# minimizing windows in Mac OS X



## rene (Dec 31, 2000)

My comments are about the way you minimize windows in OS X.
I have mentioned this to Apple, but only now did I realize HOW IMPORTANT it really is. 
In my opinion the FUTURE of the Mac OS (and Apple computers) could depend on it.
(as far as being a pleasant OS and the leader in the graphic field is concerned)
Let\\\'s say I am working in my favorite graphics or webdesign program...Sometimes I am
working on 5 documents at the same time, copying and pasting from one document to the other. 
If one or more documents (or pallettes for that matter) are in the way, I can just click the titlebalk
and it/they collapse to a neat bar. I can then drag them out of the way, but can easily find again when
I want to work on it again, coz\\\' they remain on the desktop.(this is such a COOL feature, only the Mac OS has it!)
Then I imagined the same scenario working in Mac OS X... HORROR!!Every document or palette would 
dissappear into the dock BUT...in the dock are many, many icons already (no Apple menu, you see...)
What HORROR it will be to find the right document again between all those tiny icons...
(want to work on \\\'doc.1\\\'...first go to the dock, find it,work on it, click it to send it to the dock again,
want to work on \\\'doc.2\\\'...first go to the dock, find it, click it... NEED I GO ON?)
I really and strongly believe that the \\\'old\\\' way of minimizing SHOULD be maintained in OS X.
There SHOULD be an option to choose between OS 9 style and OS X style minimizing,
becoz when working in graphics or webdesign applications the \\\'new\\\' style is HIGHLY impractible!

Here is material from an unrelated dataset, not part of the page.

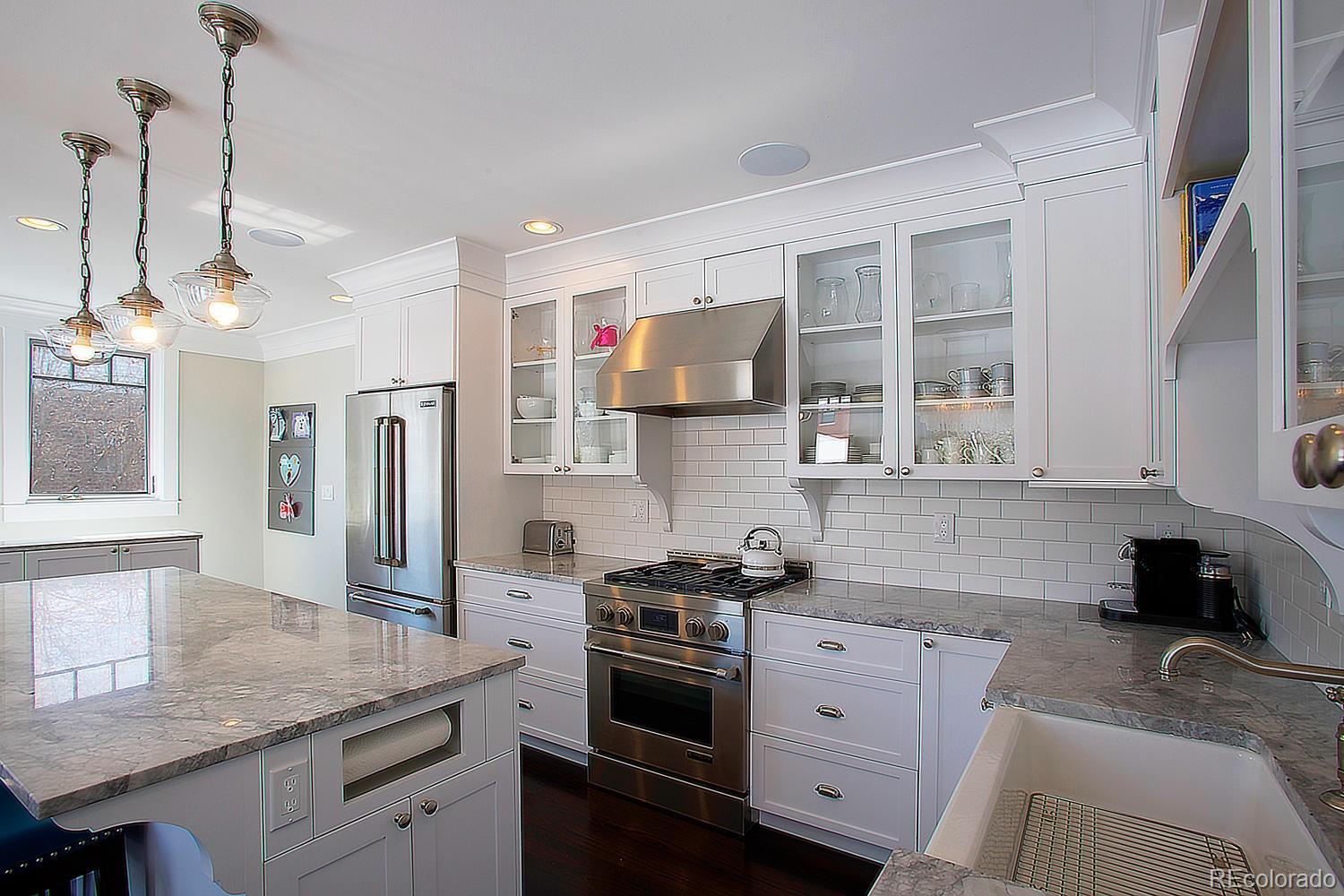 2052 Leyden Street Denver, CO 80207 - Photo 7 of 28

If you agree with me, please go over to Apple\\\'s Mac OS X feedback page to voice your opinion
http://www.apple.com/macosx/beta/feedback.html

If we do it NOW we might still be in time!



Okee, thank you!


----------



## strobe (Jan 2, 2001)

Ever use Window Maker? When you double-click the title bar it\'ll shade, but when you hit the minimize button it will be put away into the dock.

The only way it could be more ideal is if the itile bars were only as long as the title, which makes Window Shade work a LOT better.


----------



## Tigger (Jan 2, 2001)

I personally think that the TitleBar thing in OS 9- is kinda impractical.
Titlebars everywhere, now where is my \\\"Doc.15\\\"?
In OS X, everything is in one place. Pehaps not the best way to solve this, the way the doc does (Thousands of little Icons). But I haven´t seen anywhere a solution that can really deal with a LOT of windows.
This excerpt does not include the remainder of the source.